Works fine with the whole model but raise "NANs" on selected layers.

AntixK / PyTorch-Model-Compare

Compare neural networks by their feature similarity

MIT License

346 stars 37 forks source link

Works fine with the whole model but raise "NANs" on selected layers. #4

Open PengHongyiNTU opened 2 years ago

PengHongyiNTU commented 2 years ago

When I was trying to compare the same model trained on different datasets, I encountered a weird problem:

It works fine when I compare all layers: cka = CKA(model1, model2, device='cuda', model1_name='model1', model2_name='model2')
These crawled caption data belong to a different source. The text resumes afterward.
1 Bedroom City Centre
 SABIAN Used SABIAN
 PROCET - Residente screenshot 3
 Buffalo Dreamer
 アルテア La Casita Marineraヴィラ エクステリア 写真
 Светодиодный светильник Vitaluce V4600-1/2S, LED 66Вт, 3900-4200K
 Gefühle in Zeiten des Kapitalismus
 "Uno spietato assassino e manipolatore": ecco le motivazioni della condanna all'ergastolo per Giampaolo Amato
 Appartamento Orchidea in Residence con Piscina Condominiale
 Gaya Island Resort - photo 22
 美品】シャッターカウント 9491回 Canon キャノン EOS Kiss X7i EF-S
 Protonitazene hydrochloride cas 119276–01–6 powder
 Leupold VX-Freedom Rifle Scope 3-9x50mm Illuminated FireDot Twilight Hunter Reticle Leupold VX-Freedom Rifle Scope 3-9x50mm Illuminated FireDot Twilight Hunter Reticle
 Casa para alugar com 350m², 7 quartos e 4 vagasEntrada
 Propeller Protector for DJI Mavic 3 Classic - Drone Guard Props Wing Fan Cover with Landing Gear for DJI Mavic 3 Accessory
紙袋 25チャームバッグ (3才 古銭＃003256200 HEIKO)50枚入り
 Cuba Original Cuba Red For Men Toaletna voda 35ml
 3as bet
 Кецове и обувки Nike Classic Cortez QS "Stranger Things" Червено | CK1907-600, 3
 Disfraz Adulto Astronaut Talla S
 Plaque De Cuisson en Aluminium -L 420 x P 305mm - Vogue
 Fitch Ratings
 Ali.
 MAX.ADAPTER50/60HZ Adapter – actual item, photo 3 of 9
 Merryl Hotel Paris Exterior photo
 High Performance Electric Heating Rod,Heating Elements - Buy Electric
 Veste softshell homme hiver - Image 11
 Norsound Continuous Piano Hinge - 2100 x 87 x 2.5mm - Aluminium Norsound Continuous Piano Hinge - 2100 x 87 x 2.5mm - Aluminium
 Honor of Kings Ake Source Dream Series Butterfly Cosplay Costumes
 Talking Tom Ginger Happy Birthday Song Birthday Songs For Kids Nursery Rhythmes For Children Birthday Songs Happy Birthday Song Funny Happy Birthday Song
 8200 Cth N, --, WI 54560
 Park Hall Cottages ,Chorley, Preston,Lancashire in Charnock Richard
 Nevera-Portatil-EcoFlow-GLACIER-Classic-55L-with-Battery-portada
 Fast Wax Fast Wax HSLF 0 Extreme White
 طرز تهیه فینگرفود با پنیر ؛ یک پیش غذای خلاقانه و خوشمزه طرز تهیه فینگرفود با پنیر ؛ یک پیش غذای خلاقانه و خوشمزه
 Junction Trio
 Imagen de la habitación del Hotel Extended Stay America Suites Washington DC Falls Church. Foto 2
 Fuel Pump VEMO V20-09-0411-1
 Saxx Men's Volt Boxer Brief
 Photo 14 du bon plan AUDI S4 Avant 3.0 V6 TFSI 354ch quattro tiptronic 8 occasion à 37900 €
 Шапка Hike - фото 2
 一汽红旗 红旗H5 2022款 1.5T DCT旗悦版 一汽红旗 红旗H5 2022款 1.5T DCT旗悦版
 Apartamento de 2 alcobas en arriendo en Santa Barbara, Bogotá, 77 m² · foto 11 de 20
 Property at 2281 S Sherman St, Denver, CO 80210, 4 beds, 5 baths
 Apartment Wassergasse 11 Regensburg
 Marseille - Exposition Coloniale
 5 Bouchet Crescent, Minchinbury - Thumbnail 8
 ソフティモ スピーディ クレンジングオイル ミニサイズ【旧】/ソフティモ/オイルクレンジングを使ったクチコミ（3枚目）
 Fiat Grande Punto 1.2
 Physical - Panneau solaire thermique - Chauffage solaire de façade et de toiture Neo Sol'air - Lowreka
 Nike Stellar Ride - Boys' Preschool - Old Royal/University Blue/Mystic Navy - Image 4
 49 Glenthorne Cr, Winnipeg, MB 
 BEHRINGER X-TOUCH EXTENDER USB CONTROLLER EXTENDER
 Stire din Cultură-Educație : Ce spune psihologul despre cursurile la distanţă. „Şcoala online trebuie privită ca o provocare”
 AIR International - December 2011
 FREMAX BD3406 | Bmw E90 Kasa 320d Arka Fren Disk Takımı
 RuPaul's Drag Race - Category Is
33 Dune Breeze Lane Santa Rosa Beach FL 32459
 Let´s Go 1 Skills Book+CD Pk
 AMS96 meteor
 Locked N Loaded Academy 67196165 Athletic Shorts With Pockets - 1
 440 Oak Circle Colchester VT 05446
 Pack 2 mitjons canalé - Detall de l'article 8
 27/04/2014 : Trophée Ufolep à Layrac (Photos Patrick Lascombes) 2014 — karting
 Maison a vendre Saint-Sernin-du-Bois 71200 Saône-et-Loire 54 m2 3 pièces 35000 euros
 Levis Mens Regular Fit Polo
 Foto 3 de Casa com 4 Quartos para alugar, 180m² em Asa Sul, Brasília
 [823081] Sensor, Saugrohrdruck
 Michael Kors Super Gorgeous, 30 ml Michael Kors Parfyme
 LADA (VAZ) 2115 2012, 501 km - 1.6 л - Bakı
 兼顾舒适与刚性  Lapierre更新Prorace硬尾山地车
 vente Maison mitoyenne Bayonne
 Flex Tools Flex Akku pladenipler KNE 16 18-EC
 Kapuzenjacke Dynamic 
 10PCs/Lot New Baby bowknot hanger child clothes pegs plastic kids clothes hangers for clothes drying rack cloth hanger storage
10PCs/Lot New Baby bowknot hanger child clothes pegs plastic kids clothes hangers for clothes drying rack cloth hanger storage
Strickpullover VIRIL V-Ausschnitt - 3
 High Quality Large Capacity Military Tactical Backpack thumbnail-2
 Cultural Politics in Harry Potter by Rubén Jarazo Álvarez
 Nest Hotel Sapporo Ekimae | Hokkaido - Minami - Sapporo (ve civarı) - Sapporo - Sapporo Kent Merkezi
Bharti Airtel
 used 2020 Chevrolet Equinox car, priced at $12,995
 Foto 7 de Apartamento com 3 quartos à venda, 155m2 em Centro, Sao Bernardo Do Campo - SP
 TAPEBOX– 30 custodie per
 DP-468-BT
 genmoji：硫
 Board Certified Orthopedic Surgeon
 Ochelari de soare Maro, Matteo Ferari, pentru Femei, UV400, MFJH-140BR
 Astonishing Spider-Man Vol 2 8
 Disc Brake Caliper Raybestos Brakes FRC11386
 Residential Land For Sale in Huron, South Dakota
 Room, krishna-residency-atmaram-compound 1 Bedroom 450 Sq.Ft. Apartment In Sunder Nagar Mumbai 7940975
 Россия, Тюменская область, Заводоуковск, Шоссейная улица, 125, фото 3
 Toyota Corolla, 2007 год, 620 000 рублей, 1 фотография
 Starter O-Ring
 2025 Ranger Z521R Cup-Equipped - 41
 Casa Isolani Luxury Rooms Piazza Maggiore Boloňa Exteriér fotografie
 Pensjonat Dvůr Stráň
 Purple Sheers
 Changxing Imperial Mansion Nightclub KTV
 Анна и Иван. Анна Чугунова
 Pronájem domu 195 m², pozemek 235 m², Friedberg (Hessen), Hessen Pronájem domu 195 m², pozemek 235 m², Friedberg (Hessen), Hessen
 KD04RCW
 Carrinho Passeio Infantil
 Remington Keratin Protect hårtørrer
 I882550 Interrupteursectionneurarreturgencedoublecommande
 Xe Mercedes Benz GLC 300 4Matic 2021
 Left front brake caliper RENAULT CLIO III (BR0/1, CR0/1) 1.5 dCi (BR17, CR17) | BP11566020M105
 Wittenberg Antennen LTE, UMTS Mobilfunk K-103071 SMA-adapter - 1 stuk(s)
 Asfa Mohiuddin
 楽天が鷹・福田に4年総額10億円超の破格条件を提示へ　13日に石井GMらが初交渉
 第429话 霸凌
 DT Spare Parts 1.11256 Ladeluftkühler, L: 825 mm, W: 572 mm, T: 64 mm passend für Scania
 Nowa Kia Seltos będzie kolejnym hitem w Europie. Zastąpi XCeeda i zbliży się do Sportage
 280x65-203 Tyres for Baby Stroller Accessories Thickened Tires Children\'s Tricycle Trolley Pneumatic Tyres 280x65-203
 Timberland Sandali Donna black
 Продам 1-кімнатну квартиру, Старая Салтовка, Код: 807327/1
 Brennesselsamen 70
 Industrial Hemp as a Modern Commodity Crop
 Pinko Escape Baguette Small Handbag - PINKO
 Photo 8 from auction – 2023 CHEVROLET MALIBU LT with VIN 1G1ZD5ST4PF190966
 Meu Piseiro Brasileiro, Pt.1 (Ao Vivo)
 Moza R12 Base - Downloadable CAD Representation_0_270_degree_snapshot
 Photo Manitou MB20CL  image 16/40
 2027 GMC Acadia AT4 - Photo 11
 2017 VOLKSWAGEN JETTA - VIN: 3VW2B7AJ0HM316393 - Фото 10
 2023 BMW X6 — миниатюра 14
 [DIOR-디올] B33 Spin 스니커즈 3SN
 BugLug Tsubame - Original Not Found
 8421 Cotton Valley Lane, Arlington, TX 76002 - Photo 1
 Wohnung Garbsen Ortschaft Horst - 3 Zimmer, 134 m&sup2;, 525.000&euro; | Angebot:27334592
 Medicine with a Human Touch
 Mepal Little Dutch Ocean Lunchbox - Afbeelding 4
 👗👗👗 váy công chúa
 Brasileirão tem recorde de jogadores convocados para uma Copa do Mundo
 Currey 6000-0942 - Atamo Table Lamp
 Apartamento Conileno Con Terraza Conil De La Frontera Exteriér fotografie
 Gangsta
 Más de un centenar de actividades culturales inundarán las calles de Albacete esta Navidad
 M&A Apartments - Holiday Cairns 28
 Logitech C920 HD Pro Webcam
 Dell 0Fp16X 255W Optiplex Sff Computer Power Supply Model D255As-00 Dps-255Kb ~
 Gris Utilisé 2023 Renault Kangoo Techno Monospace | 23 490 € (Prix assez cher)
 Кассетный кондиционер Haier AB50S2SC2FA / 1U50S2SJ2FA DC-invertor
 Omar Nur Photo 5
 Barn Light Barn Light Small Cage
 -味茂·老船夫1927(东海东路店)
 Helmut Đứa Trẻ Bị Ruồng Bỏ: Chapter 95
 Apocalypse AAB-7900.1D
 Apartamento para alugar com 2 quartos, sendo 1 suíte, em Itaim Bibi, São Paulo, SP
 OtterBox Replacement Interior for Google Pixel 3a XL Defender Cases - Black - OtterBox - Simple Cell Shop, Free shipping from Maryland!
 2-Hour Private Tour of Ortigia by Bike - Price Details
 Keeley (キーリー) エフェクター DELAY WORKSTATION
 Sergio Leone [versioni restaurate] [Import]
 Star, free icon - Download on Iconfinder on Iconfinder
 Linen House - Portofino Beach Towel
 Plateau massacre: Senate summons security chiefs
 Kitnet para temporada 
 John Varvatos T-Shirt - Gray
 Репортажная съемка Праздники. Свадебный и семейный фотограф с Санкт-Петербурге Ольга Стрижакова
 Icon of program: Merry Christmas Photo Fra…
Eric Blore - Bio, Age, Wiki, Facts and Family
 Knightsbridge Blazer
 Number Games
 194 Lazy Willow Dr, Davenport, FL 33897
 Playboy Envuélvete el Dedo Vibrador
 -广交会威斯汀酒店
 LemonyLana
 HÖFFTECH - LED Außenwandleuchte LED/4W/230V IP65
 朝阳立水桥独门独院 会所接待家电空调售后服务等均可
But, when I try to compare a selected subset of layers: cka = CKA(model1, model2, device='cuda', model1_name='model1', model2_name='model2', model1_layers=list(model1.state_dict().keys())[:5], model2_layers=list(model2.state_dict().keys())[:5]) It raises:

HSIC computation resulted in NANs

Do you have any idea how to fix this? Thank you very much.

kssteven418 commented 2 years ago

In my case, the NaNs issue was raised when there was no hook created (here), in which case no feature would return here, resulting in the divided-by-zero error at L180. It might be helpful to see if the hooks are being generated properly.

Maddy12 commented 2 years ago

I think an issue I am having is no matter what, in line 134 ((N - 1) * (N - 2)) ends up equalling 0 because the matrix being passes is always a size 2x2 from around line 181 K = X @ X.t().

I discovered this happens when the batch size is <= 2. So if anyone else has this issue this might be why!

I set this batch size because this method is so slow and memory consuming. Are there any tricks to it without using large batch sizes or computation?

bryanbocao commented 1 year ago

I got the same issue: https://github.com/AntixK/PyTorch-Model-Compare/issues/10. Looking for solutions. Thanks!